Exploit étonnant que celui d'Abram,
car c'est en faveur des habitants de Sodome et de
Lot que le patriarche a tiré le
glaive ! Il n'ignorait point que les habitants
de la contrée de Siddim étaient les
êtres les plus corrompus. Il lui eût
été aisé de déclarer
que l'invasion qui avait fondu sur eux était
le juste châtiment de leurs crimes. Parlant
ainsi il ne se fût nullement trompé.
Mais Abram avait mieux à faire que de
dénoncer la vengeance divine. Il laissa le
jugement à Dieu et s'occupa de
réparer le désastre. L'enfant de Dieu
aime plutôt à bénir qu'à
maudire. Et nous avons, sous ce rapport, je le
crains, beaucoup à apprendre.
Vous entendez dire qu'un train de plaisir,
mis en mouvement le dimanche, a
déraillé ; aussitôt de
vous écrier : « Le doigt de
Dieu est là. Dieu a voulu punir les
profanateurs de son saint jour ! »
Un théâtre brûle, l'incendie
fait de nombreuses victimes ; un grand nombre
de chrétiens ne feront d'autre commentaire
sur l'événement que celui-ci :
« Dieu a parlé dans sa
colère. On ne se joue pas de
Dieu. » Je veux qu'ils n'aient pas
entièrement tort de s'exprimer ainsi mais
n'est-il pas une seconde note aussi à faire
entendre ?
Abram savait qu'il y avait dans la
captivité des enfants de Sodome une
punition ; néanmoins, il se sent tout
d'abord pressé de leur témoigner de
la compassion. Assurément, il pense tout
d'abord à son neveu ; c'est pour son
neveu qu'il entreprend son expédition
guerrière.
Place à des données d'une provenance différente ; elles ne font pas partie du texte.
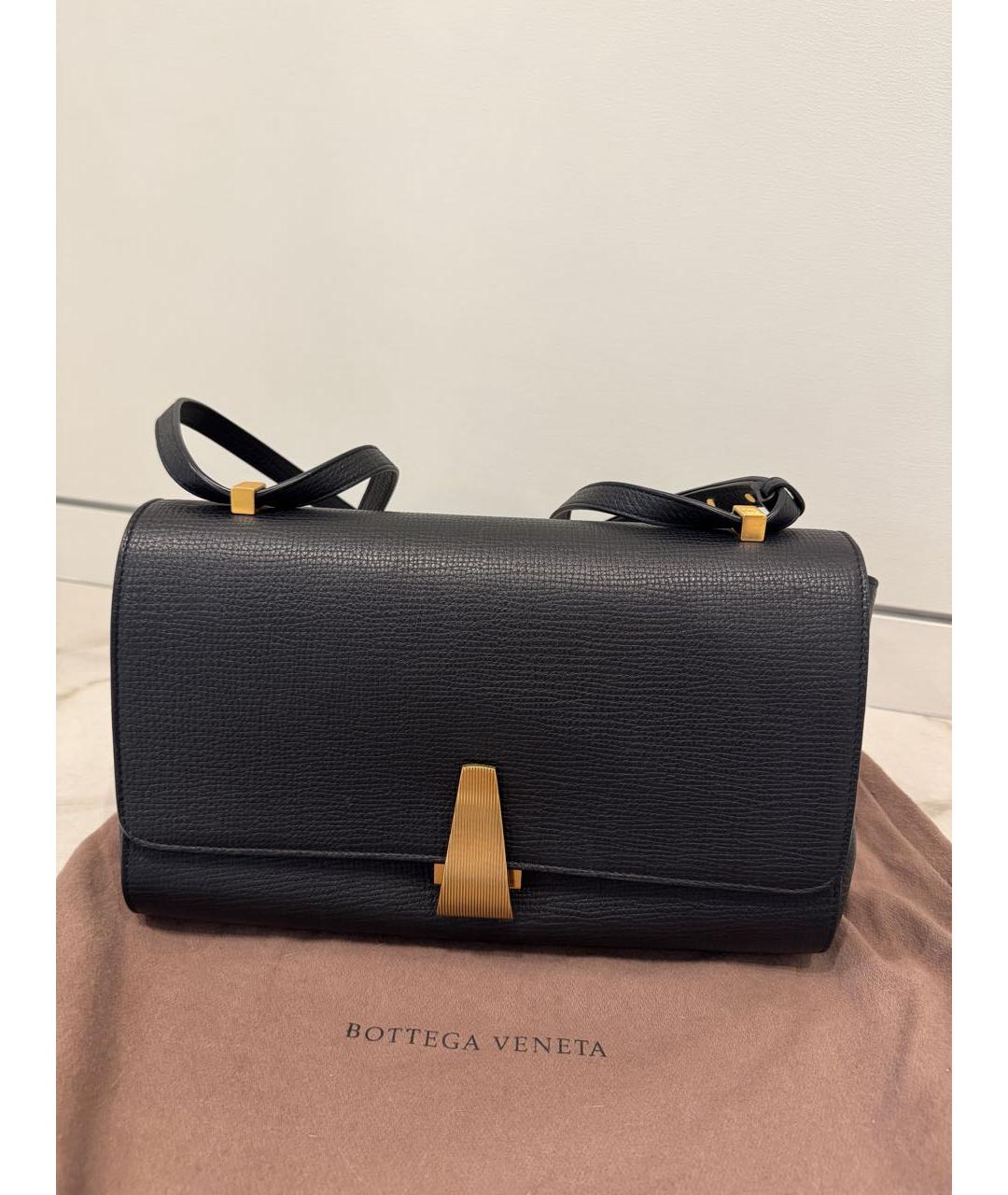 BOTTEGA VENETA Черная кожаная сумка через плечо, фото 9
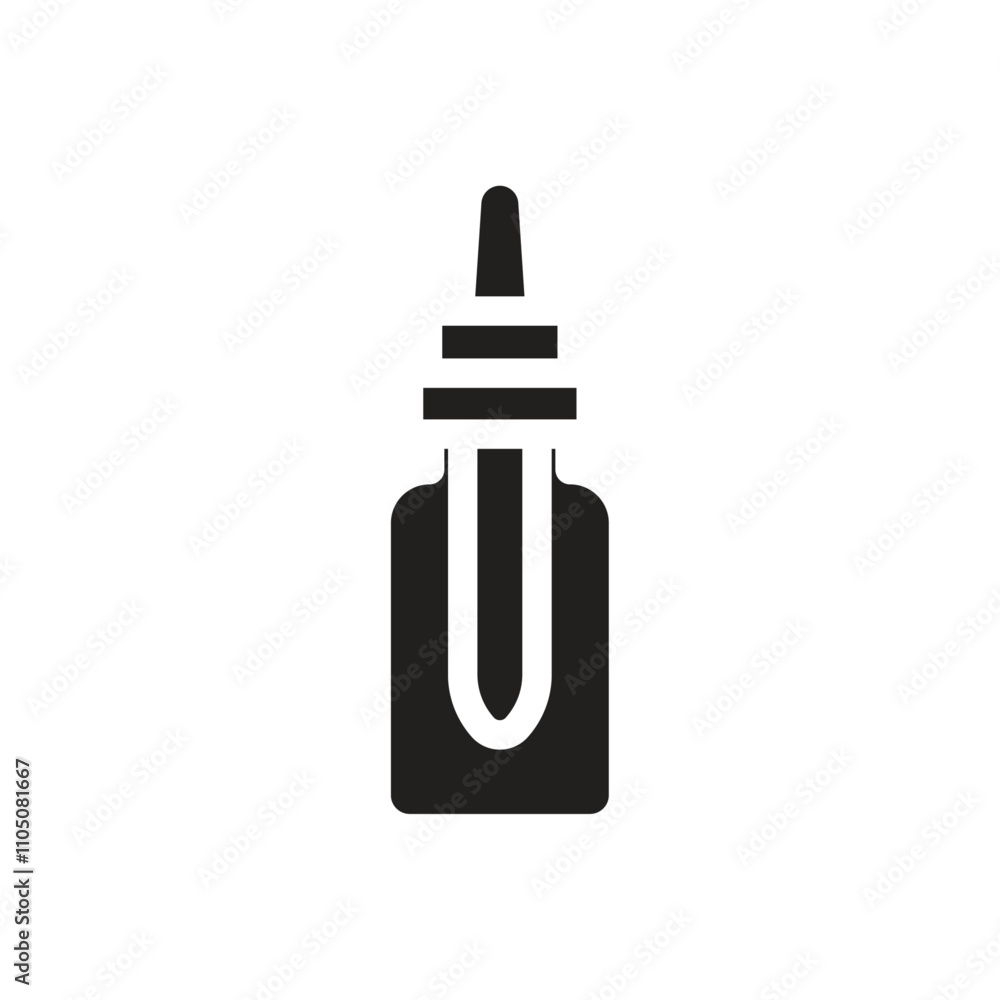 Dropper icon Vector flat thin line illustration Dropper icon Vector flat thin line illustration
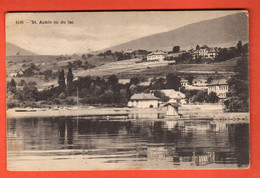 ZSI-27 Saint-Aubin Vu Du Lac.  Circulé 1916 Phototypie 4146 - Saint-Aubin/Sauges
Mais cela même ne
prouverait-il pas la charité d'Abram ?
Lot ne s'était-il pas conduit envers son
oncle avec un manque blessant
d'égards ? N'avait-il pas fait bon
marché des intérêts de son
âme devant quelques pâturages bien
gras ? Un ressentiment de la conduite
légère de son neveu
aurait pu facilement subsister dans l'âme du
père des croyants. Il aurait pu citer
quelque proverbe équivalant au mot
vulgaire : « Comme on fait son lit,
on se couche. » Il aurait pu
s'écrier : « Mais mon neveu
n'a que ce qu'il mérite ! »
Il ne le fait pas. Il nous laisse, par le secours
qu'il porte à Lot, un bel exemple de l'oubli
du péché. Gardons-nous, je vous en
prie, de triompher du malheur d'autrui ! Cette
coutume invétérée est une
peste, l'indice certain de l'étroitesse des
vues, de la dureté du coeur. Le croyant qui
marche avec Dieu sait que, si Dieu ne lui prenait
à chaque instant la main, il serait perdu.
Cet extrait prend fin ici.